OK the results are from pressure testing
Without engine running at the MC 100-150 psi
With engine running At the MC 600 psi
lines to front 600 psi each side
line to rear 600 psi
With a 3 foot cheater bar on the brake pedal I reached 900 psi at rear with lots of pushing on the bar which was way over and beyond anything anyone could do with foot power on the pedal.
I did a search and found that 900 + psi seems to be the norm.
IS IT POSSIBLE THAT THE DARN POWER BOOSTER IS BAD ? Its new but ?
In post 34 you show a 33* angle in the brake pedal arm---and stated later that you had 3/4 inch travel in master rod-----thats not a very good mech leverage ratio-looks like maybe a 3 inch arm and a 7-1 would get it out to 21 inches? 5-1 maybe 15? you can raise the pressure by a better leverage/geometry and even a smaller diameter bore master. maybe down to 7/8? there are graphs out there that show the volumes/pressure differances-------
Keep in mind there is a difference in pressure & volume, If you unhooked the caliper and put a gauge on the front and back and got the same pressure (you did) that means that you still could have a volume issue or stuck piston, as of now you know that the fronts collapse at 600 psi and the rears don't, I still believe the easiest and no cost option would be to swap calipers on one side, those fronts could collapse at 600 psi as could the rears but the volume could be to much of a difference to ever get full pressure on the rear, it would also check your plumbing (valves, etc) if the rear don't collapse on the front rotor and the front does on the rear you now simply have a stuck piston or volume issue, and all else is kosher.
It doesn't mean your booster is bad either.
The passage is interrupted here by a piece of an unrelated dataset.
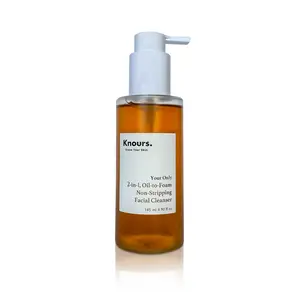 Knours Your Only Oil to Foam Facial Cleanser - 2-in-1 Non-Stripping Formula with Chamomile & Honey - Lightweight & Gentle - Korean Skincare - 145ml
A person can exert alot of force in a panic stop when his back is against the seat and he's using his legs, keep in mind that 99% of the time you don't exert full force on a brake pedal because you don't normally panic stop (normally), pedal leverage as Jerry said is mechanical advantage, as well as a smaller diameter master cylinder normally the pedal ratio is different for power brakes than non power.
stick a fork in me i'm done.
Ok I'm back on the job, it looks like I'll be doing some remodeling of brake pedal mounts and ratio. Had to walk away for a bit. Building aircraft is so much easier than getting a bunch of mismatched brake parts to work.
What I hate is that I'm going to have to cut the bracket on my frame and it's all painted etc. :(
Thanks for the help guys, I'll keep you posted.
Before you cut your pedal, did you check the power booster to master cylinder rod adjustment?